--- Material for this task ---

# # # #

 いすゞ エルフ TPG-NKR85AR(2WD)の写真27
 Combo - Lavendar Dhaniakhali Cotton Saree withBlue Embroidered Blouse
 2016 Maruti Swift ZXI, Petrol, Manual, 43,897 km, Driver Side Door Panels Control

# # # #

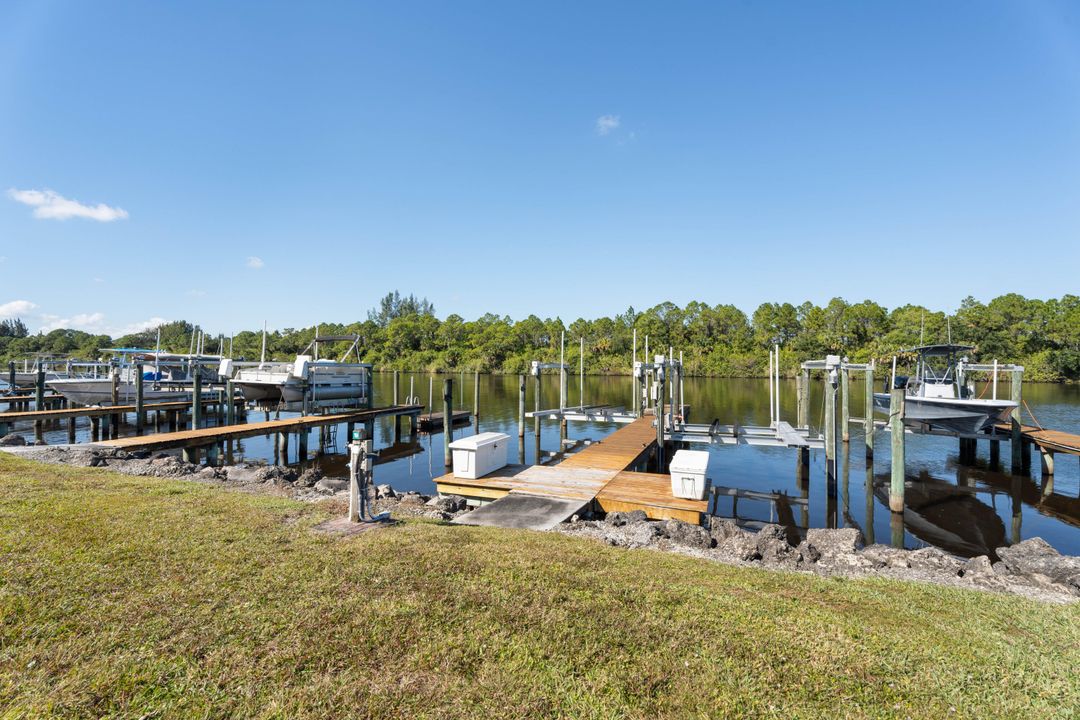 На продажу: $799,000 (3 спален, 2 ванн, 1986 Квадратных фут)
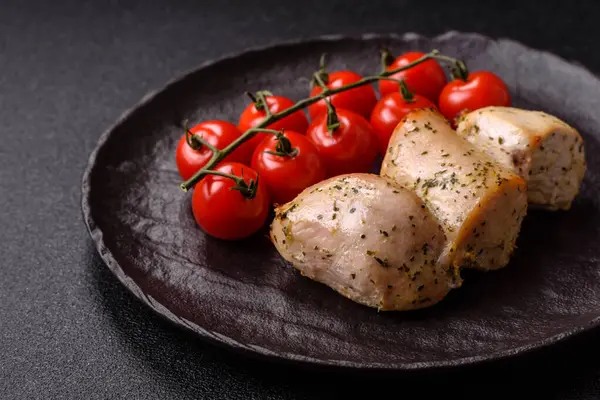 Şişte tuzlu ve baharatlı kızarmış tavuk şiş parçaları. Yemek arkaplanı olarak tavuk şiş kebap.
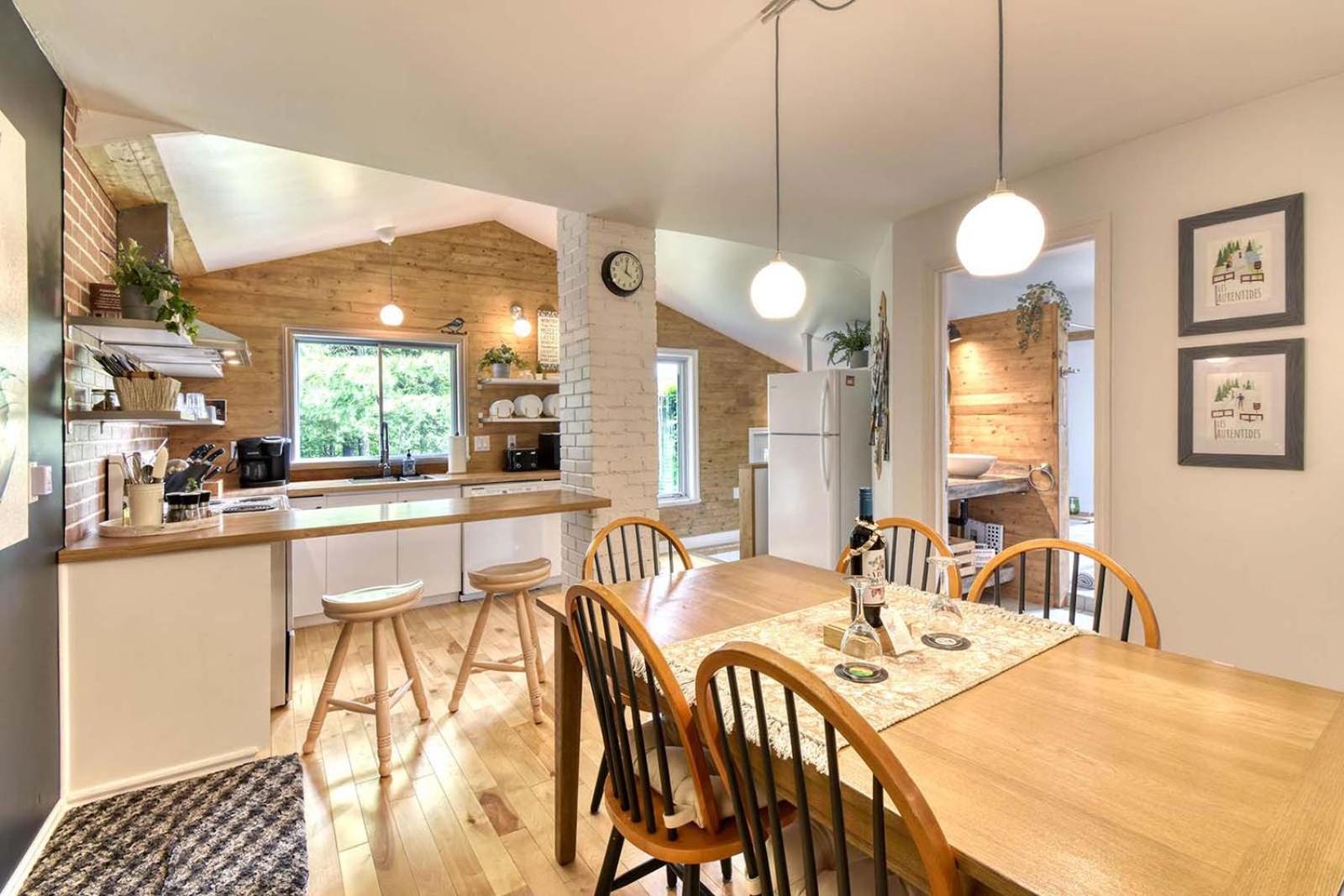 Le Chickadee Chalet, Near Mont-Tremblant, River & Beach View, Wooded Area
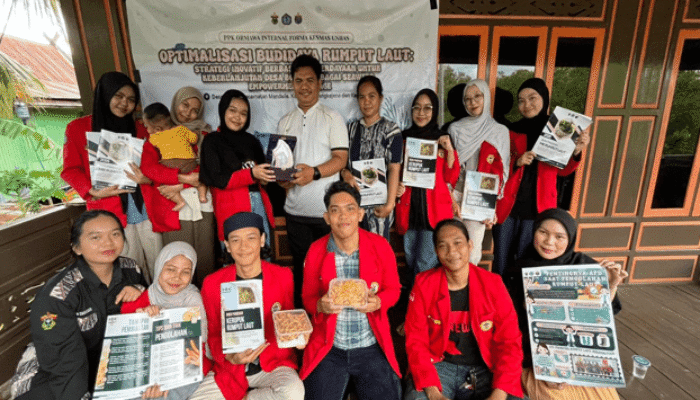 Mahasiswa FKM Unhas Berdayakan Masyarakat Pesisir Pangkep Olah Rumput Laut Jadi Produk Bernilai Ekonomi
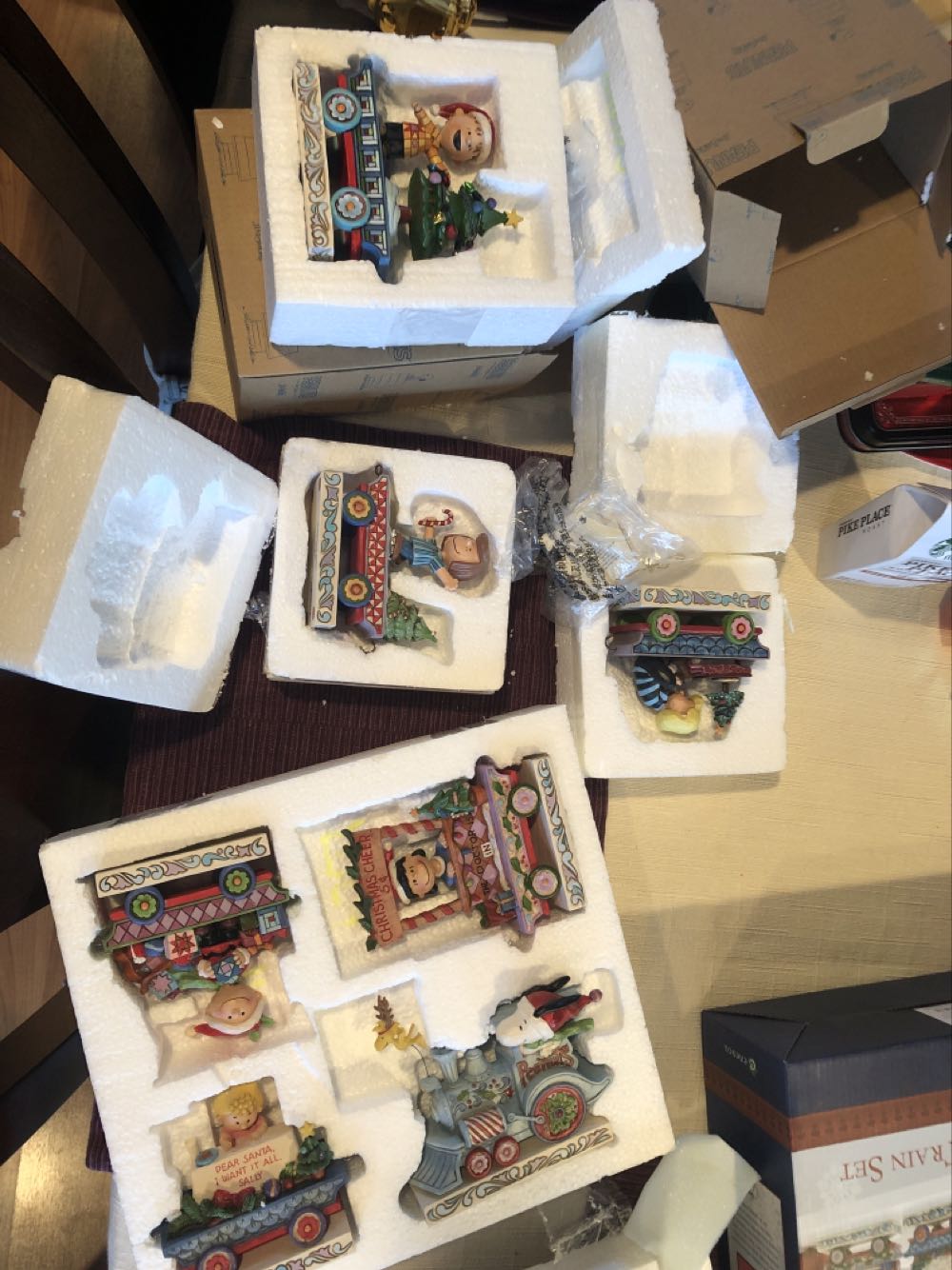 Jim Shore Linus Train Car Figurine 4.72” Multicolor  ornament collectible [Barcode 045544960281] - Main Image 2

# # # #

--- Instructions to follow ---
Please output the lines above beginning at the line with "На продажу: $799,000" and ending after the line with "Jim Shore Linus", precisely as written and with no pictures.

--- Response to this task ---
 На продажу: $799,000 (3 спален, 2 ванн, 1986 Квадратных фут)
 Şişte tuzlu ve baharatlı kızarmış tavuk şiş parçaları. Yemek arkaplanı olarak tavuk şiş kebap.
 Le Chickadee Chalet, Near Mont-Tremblant, River & Beach View, Wooded Area
 Mahasiswa FKM Unhas Berdayakan Masyarakat Pesisir Pangkep Olah Rumput Laut Jadi Produk Bernilai Ekonomi
 Jim Shore Linus Train Car Figurine 4.72” Multicolor  ornament collectible [Barcode 045544960281] - Main Image 2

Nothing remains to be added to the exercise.